The admission of the foreign-built New York and Paris to American registry was the entrance of the United States into the express passenger service on the Atlantic and has been welcomed by the country as the opening of a new outlet for national enterprise, capital, and labor.

Another opportunity equally or more profitable, the operation of powerful cargo steamers, of lower speed and lesser coal consumption than express passenger steamers, is open, and our commercial rivals are seizing it with the certainty that their possession of this field will be as complete as was their control of the express passenger service before the admission of the New York and Paris, unless our laws are so changed that the vessels required to compete may wear the American flag. They are not built in this country. Before the Fifty-third Congress adjourns even the most conservative of steamship corporations, the Cunard Company, will have two large cargo steamers embarked in this profitable service. American capital has realized the opportunity and, denied the use of its own national symbol, it is already afloat under the British flag. It is a round century in advance of the American statute. It rests with the law-making branch of the Federal Government to establish the easily possible parity between American enterprise on the one hand, and on the other the opportunity under American laws for its manifestation in its true colors. What is to be gained by discrediting to-day's energies by means of last century's laws does not appear.

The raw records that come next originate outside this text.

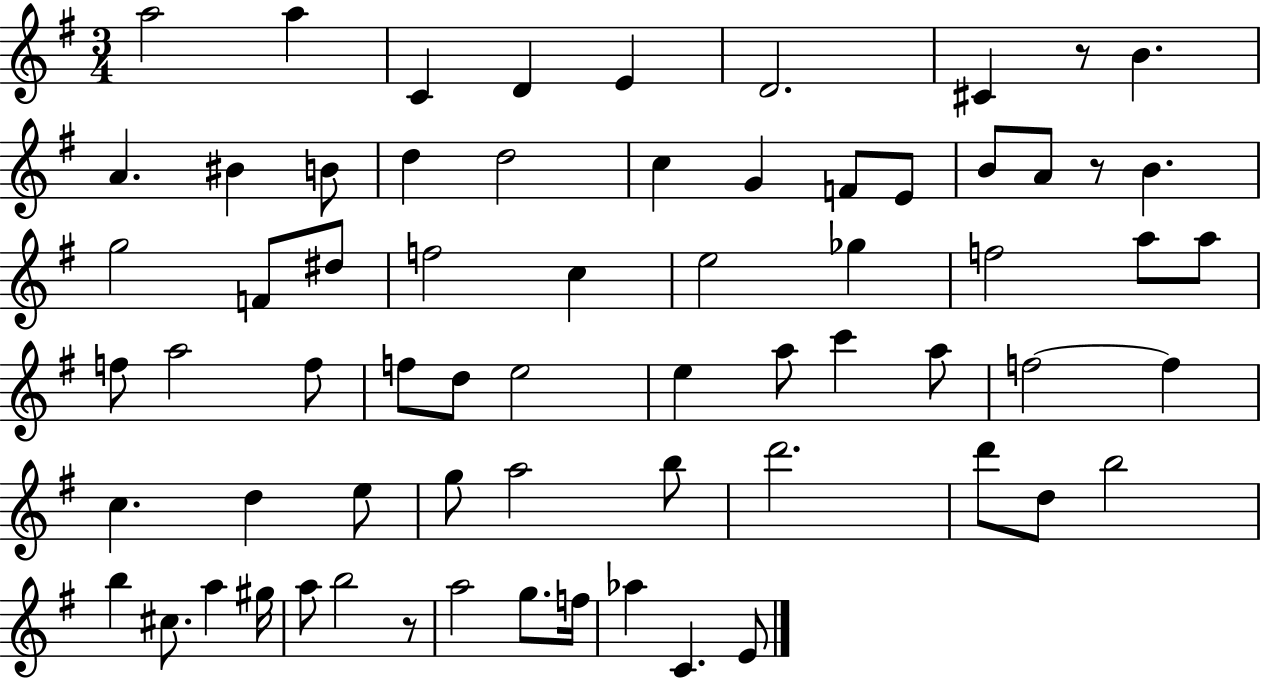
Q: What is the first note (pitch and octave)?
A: A5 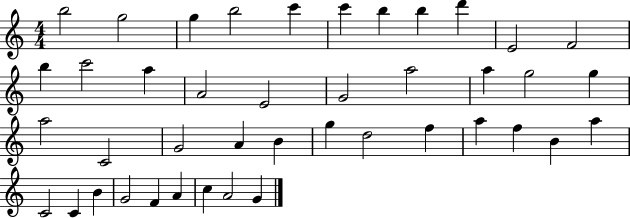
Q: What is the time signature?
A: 4/4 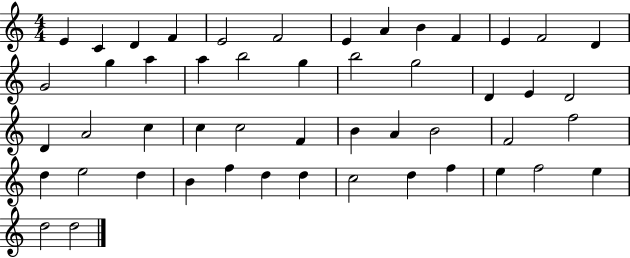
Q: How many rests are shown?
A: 0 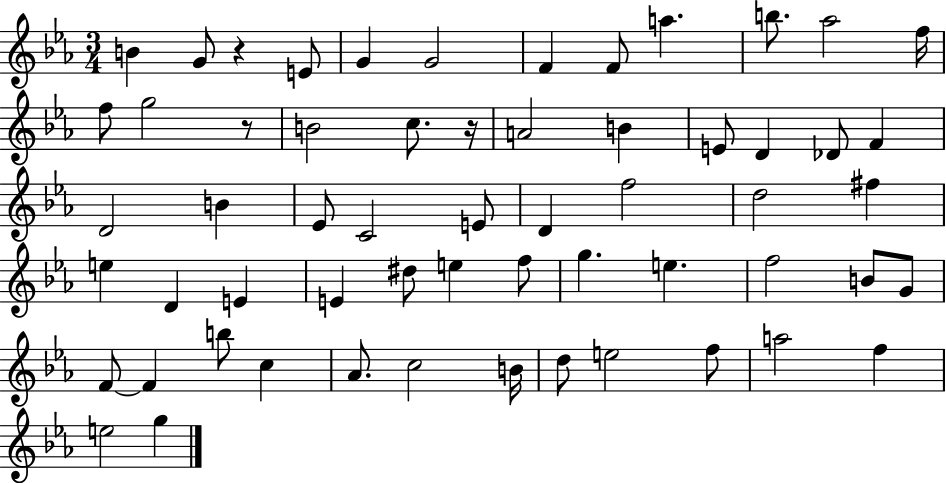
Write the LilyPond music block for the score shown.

{
  \clef treble
  \numericTimeSignature
  \time 3/4
  \key ees \major
  \repeat volta 2 { b'4 g'8 r4 e'8 | g'4 g'2 | f'4 f'8 a''4. | b''8. aes''2 f''16 | \break f''8 g''2 r8 | b'2 c''8. r16 | a'2 b'4 | e'8 d'4 des'8 f'4 | \break d'2 b'4 | ees'8 c'2 e'8 | d'4 f''2 | d''2 fis''4 | \break e''4 d'4 e'4 | e'4 dis''8 e''4 f''8 | g''4. e''4. | f''2 b'8 g'8 | \break f'8~~ f'4 b''8 c''4 | aes'8. c''2 b'16 | d''8 e''2 f''8 | a''2 f''4 | \break e''2 g''4 | } \bar "|."
} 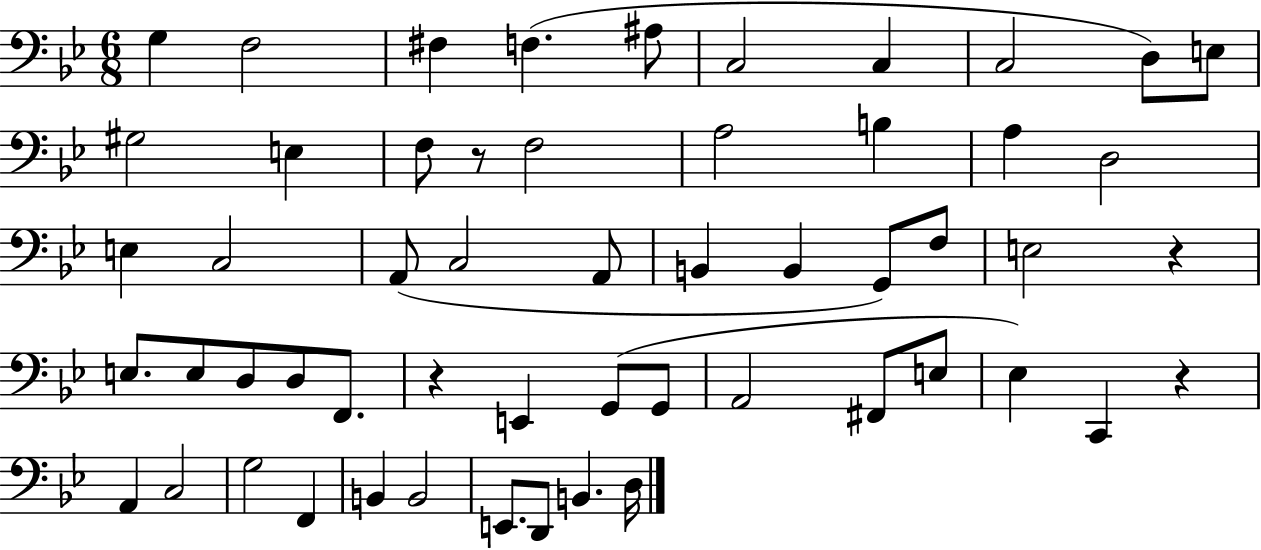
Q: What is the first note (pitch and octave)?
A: G3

If the admission of the New York and Paris to American registry had any effect upon American shipbuilding, that effect was to stimulate it. A glance at the statistics of the German, French, and Italian merchant marines, published in Appendix K, will show that the years when those nations have been the largest purchasers of foreign vessels have also been the years of the largest domestic construction. The coincidence is not accidental. Closely following the admission of the New York and Paris, was begun the construction of the St. Louis and St. Paul, under promise of subsidy, in American yards, and of the Kensington and Southwark, with no expectation of Government aid, in British yards. Purchase abroad and construction at home have developed together in our recent experience, as they have done in the case of every other nation, and a law which fails to take cognizance of this fact must be classed with laws which have outlived their useful


The passage of a bill permitting American registry to the Kensington and Southwark is recommended as a means of increasing the maritime rank of the United States, the opportunities for American labor, and as tending to increase American shipbuilding, so far as the experience of nations presages any effect from such an act upon that industry.

But no special privilege is asked for one or two vessels or for one corporation. If the laws are to be equal and the American doctrine of equal opportunities under the laws for all is to be preserved, the privilege of the use of his own flag over his own property should be granted to every citizen on even terms with every other citizen. All the advantages which may accrue to the nation from the admission of the two vessels will be multiplied as many times as there are now or may here

after be other vessels, the addition of which to our merchant fleet would be a source of pride and profit to the nation. The Kensington and Southwark are taken as types of the class of vessels needed to enable the United States to improve the present opportunity and regain their rank as a sea power, as familiar illustrations of the possibilities of benefit in the "free ship bill.”

The apprehension, real or feigned, is sometimes expressed that the passage of the bill pending in Congress to admit foreign-built vessels to American registry for the foreign trade only would result in the admission of a large number of undesirable old steamships to our merchant fleet. Our national characteristics ought to allay any such apprehension, for old and half-worn articles commend themselves less to the American people than to any other. But if our national traits do not suffice, the plain facts of commerce remove any fear of a decrepit fleet. Appendix M, showing the steamships by which communication is maintained between the United States and foreign nations, discloses 64 steamships owned by American capital, but operated under foreign flags, and 69 steamships built within the United States engaged in foreign trade. The vessels barred out of our transatlantic fleet by the registry law are the new iron and steel steamships; the older and slower vessels, with some notable exceptions, are under the registry law. Thirty seven of the 64 are steel steamships built within the last ten years, and only 7 are older than the 4 steamships of American build now crossing the Atlantic. A comparison, ship by ship, of these two groups of vessels will put to rest any question that the best and cheapest steamships are what American capital needs and, in point of fact, buys every year.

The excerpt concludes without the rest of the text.